[[ EXERCISE DATA open ]]

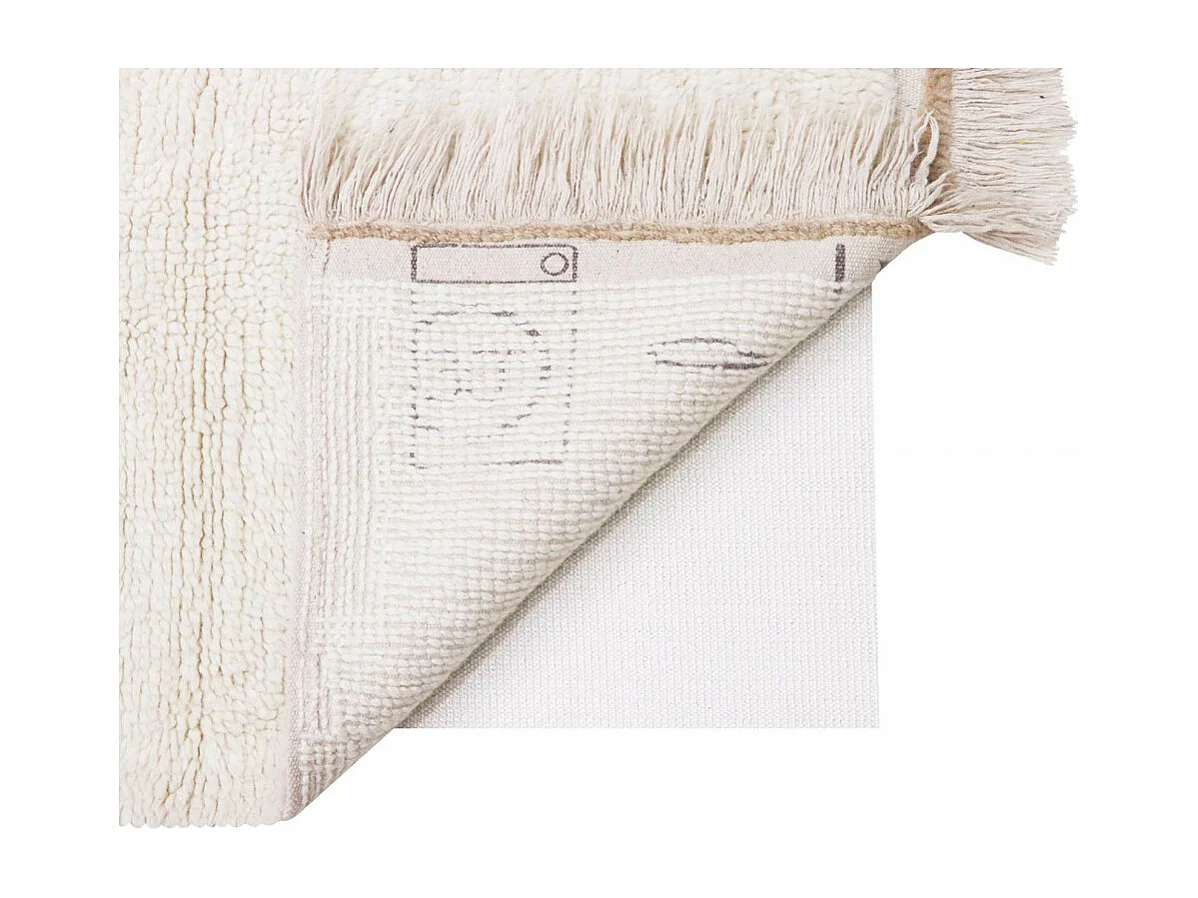 Tapis naturel en laine lavable en machine Steppe Rectangulaire Naturel Fait main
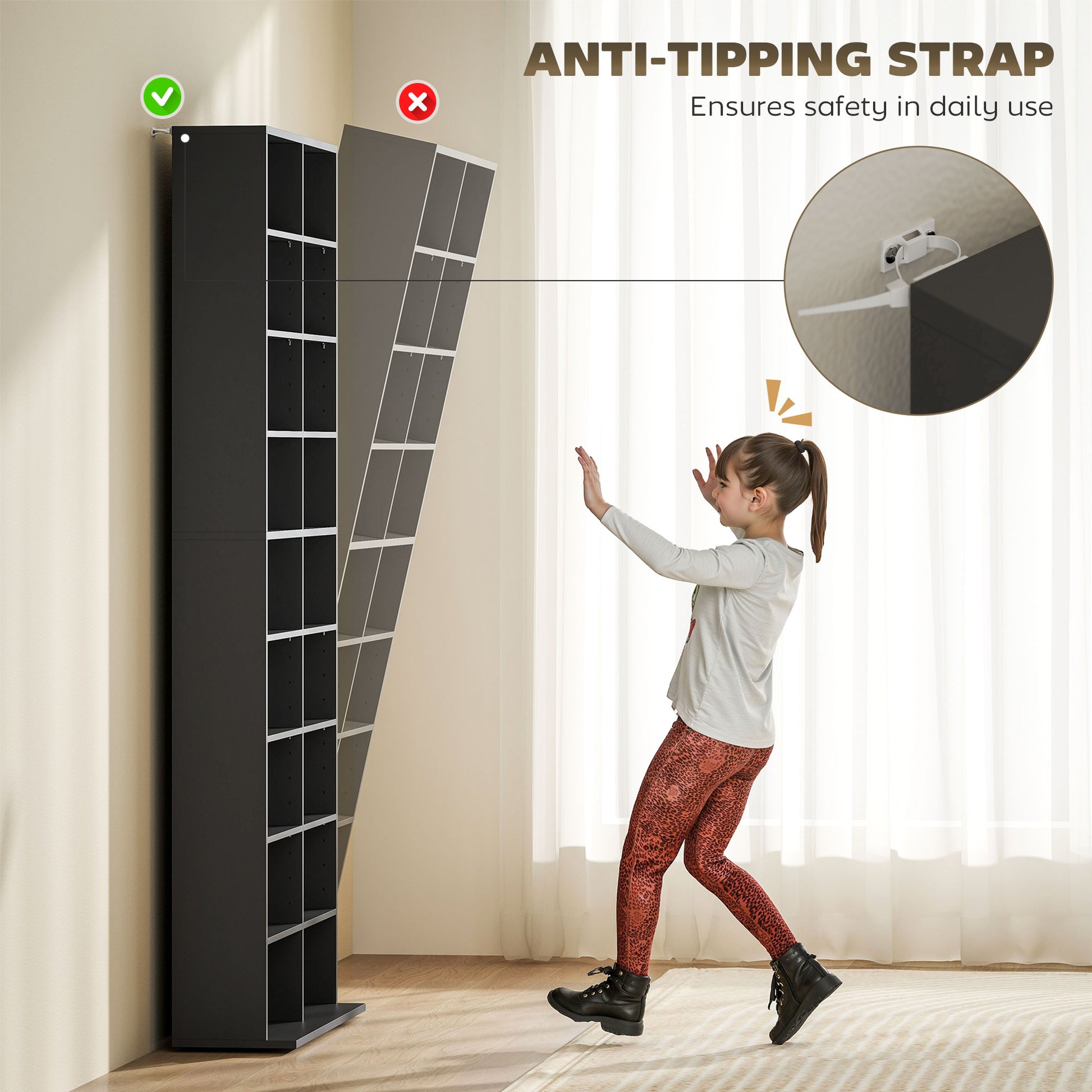 9-Tier DVD Shelf with 18 Compartments and 14 Adjustable Shelves, Holds 640 CDs, 360 DVDs or 430 Blu-rays, Black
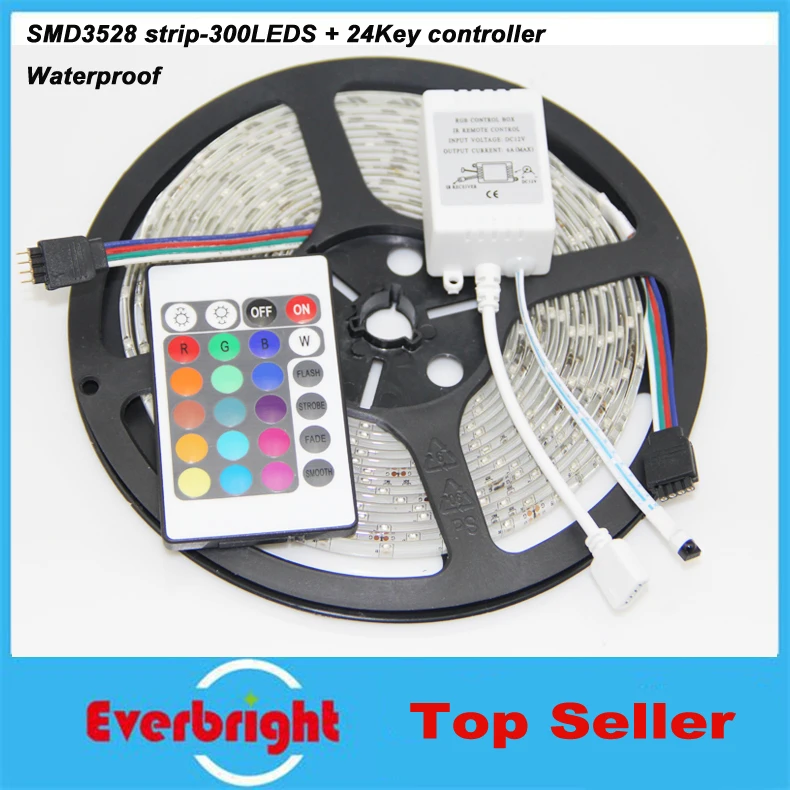 

5M 300Leds 3528 SMD waterproof RGB Led Strip Light 3528SMD DC12V 60Leds/M Fiexble Light Led Ribbon Tape Home Decoration Lamp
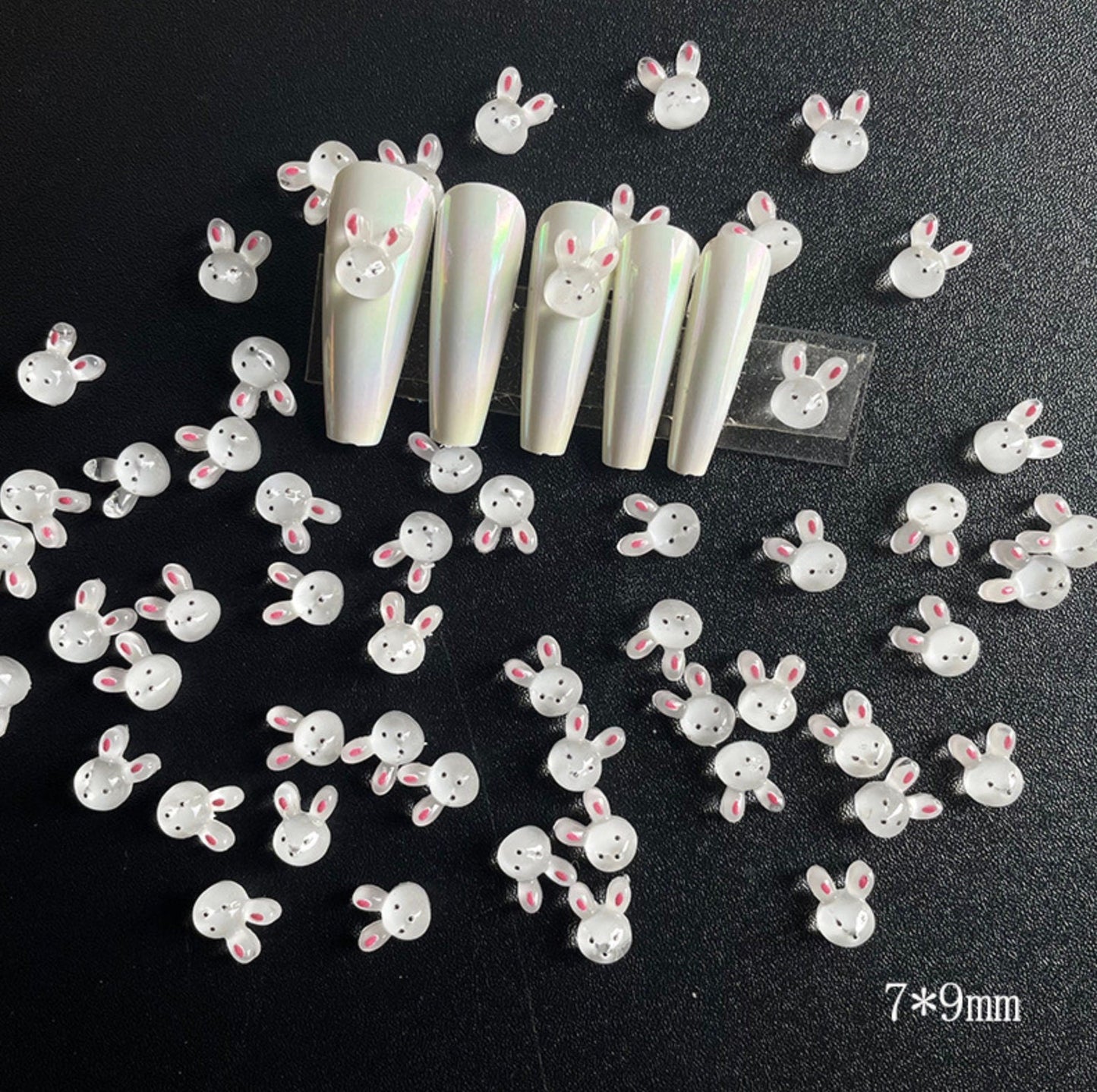 Cute White Bunny Themed 3D Nail Art Charms, Mini Cabochon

[[ EXERCISE DATA closed ]]

Before copying the material, set its pictures aside; then transcribe it word for word.

** EXERCISE OUTPUT **
 Tapis naturel en laine lavable en machine Steppe Rectangulaire Naturel Fait main
 9-Tier DVD Shelf with 18 Compartments and 14 Adjustable Shelves, Holds 640 CDs, 360 DVDs or 430 Blu-rays, Black

5M 300Leds 3528 SMD waterproof RGB Led Strip Light 3528SMD DC12V 60Leds/M Fiexble Light Led Ribbon Tape Home Decoration Lamp
 Cute White Bunny Themed 3D Nail Art Charms, Mini Cabochon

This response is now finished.